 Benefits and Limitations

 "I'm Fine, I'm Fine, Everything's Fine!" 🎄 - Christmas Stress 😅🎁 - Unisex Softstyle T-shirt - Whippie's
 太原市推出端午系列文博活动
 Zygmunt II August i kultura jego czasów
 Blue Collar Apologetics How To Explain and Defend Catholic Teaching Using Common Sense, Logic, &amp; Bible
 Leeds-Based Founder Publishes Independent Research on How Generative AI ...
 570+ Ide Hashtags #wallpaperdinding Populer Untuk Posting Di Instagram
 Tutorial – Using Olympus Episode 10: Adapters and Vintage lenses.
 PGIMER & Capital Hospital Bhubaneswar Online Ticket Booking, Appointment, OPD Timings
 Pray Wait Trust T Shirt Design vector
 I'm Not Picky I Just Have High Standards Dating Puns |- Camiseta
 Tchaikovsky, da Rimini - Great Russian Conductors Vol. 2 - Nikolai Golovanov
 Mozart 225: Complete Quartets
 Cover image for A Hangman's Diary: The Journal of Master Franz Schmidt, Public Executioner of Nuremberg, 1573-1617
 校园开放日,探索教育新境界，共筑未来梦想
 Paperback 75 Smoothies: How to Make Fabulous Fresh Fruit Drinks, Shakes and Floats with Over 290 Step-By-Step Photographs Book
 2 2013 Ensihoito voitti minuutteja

* [Exercise description]:
Retype the lines from the one containing "Paperback 75 Smoothies: How" to the last line above. Change nothing and include no others.

* [Exercise result]:
 Paperback 75 Smoothies: How to Make Fabulous Fresh Fruit Drinks, Shakes and Floats with Over 290 Step-By-Step Photographs Book
 2 2013 Ensihoito voitti minuutteja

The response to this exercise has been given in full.